Seorang teman itu terdiam. Saya juga terdiam. Apakah seorang teman itu berputus asa atas rahmat Allah? Entahlah. Coba saja kamu rasakan energinya.

Bagaimana dengan berharap kasih sayang Allah?

Di suatu malam, saya menulis perenungan.

Selama ini kita MINTA kepada-nya agar disayangi. Memangnya SELAMA INI kita tidak disayangi? Bagaimana jika kita meminta agar DIPAHAMKAN dengan kasih sayang-nya? Bukankah dengan memahami, kita bisa BERSIKAP PANTAS dengan Dia yang Maha Menyayangi?

Bukankah selama ini Allah begitu sayang kepada kita? Kitanya saja yang belum paham dan bersikap tidak sepantasnya atas kasih sayang Allah. Betul?

Tentang kejujuran. Ini adalah perjalanan panjang.

Hal yang saya khawatirkan adalah saat saya tidak lagi berbuat baik hanya karena asumsi penilaian manusia dan bisikan keraguan diri. Maka benarlah pesan Ustadz Bachtiar Nasir yang saya dengar dari channel Youtube AQL Islamic Center:

“Perlu bagi kita untuk berdoa kepada Allah agar dilindungi dari kuasa diri sendiri. Karena kuasa diri sendiri tak jarang terselip bisikan setan. Karena itu, jangan sampai sedetik pun kita terlepas dari kuasa dan lindungan Allah. Berdoalah kepada Allah agar selalu dijaga.”

Tadabbur Ustadz Bachtiar Nasir atas Tafsir Al-Azhar Buya Hamka untuk Surah An-Naas

***

Pernahkah usahamu memperjuangkan sebuah nama kandas? Di saat yang sama, kamu sedang berbenah untuk lebih baik. Alhasil, kamu kecewa dan usahamu untuk menjadi lebih baik pun terhenti.

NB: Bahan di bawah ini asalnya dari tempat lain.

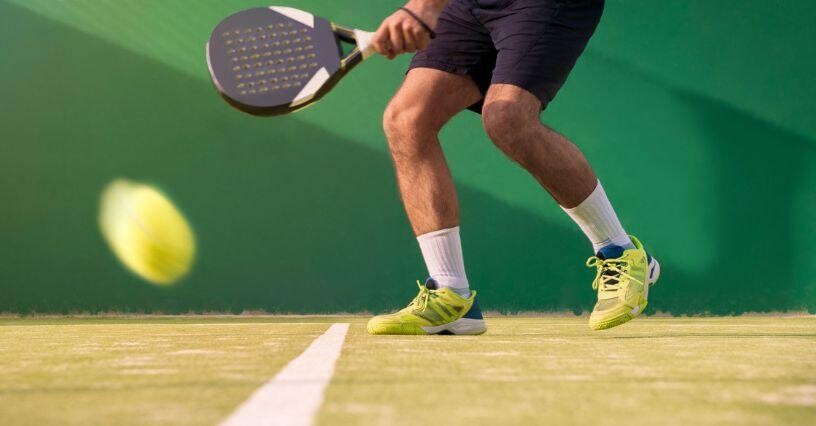 Човек играе падел, удряйки топка с ракета на корта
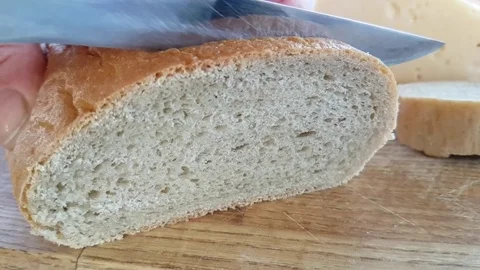 Bread cut with a knife slow motion Stock Footage 95575907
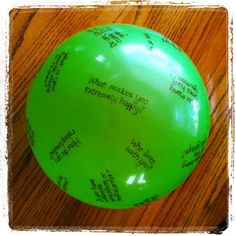 a green frisbee sitting on top of a wooden table with writing all over it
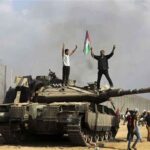 Palestinians stand atop a captured Israeli tank and wave a Palestinian flag on October 7, 2023. Photo: Yousef Masoud/AP.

Pernahkah kamu menulis di dunia maya dengan niat awal yang “katanya” ingin bermanfaaat, menjadi tabungan amal, dan untuk Allah? Tapi saat kamu sudah menulis dan publish, ternyata yang like, comment, dan share sangat sedikit dibandingkan akun lain yang konetennya  biasa saja. Alhasil, kamu kecewa dan tidak lagi menulis.

Pernahkah kamu ingin lebih dekat dengan Quran karena niatnya agar ingin disayang Allah? Kamu pun menonton kajian dan memperbanyak bacaan. Tapi saat kamu berproses untuk lebih dekat, kamu tidak merasakan “keajaiban” yang seperti orang-orang katakan. Alhasil, kamu kecewa dan pendekatan dengan Quran menurun.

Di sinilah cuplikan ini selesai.